_ASSIGNMENT_:
Write every line of the material again exactly, with no pictures in the copy.

_DATA SHOWN_:
######

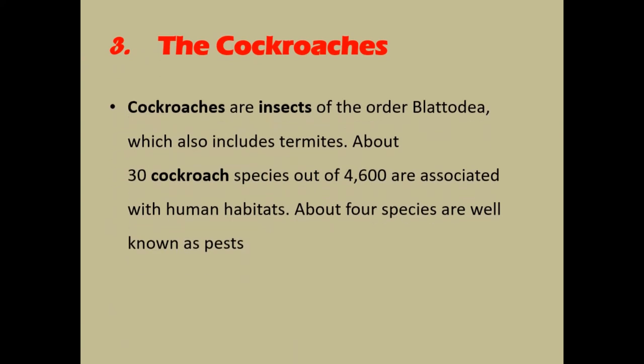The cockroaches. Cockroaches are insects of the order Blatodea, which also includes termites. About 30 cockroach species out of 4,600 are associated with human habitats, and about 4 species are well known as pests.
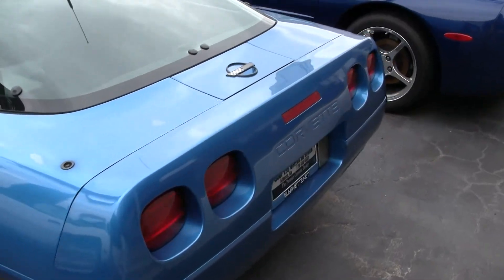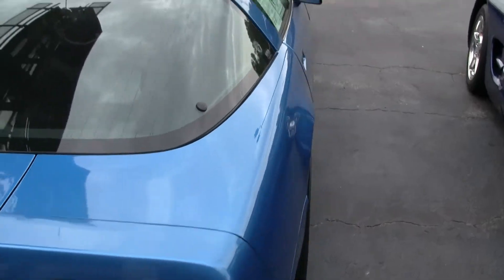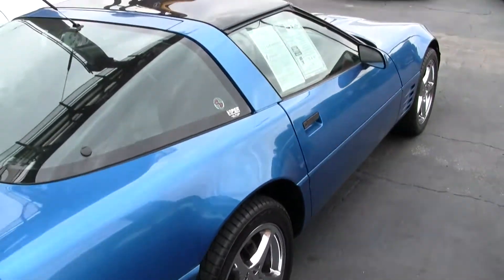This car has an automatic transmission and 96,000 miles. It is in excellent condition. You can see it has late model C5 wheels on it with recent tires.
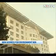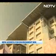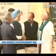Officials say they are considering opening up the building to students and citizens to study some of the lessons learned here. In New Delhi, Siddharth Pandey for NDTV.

######

_COMPLETED EXERCISE_:
The cockroaches. Cockroaches are insects of the order Blatodea, which also includes termites. About 30 cockroach species out of 4,600 are associated with human habitats, and about 4 species are well known as pests.
This car has an automatic transmission and 96,000 miles. It is in excellent condition. You can see it has late model C5 wheels on it with recent tires.
Officials say they are considering opening up the building to students and citizens to study some of the lessons learned here. In New Delhi, Siddharth Pandey for NDTV.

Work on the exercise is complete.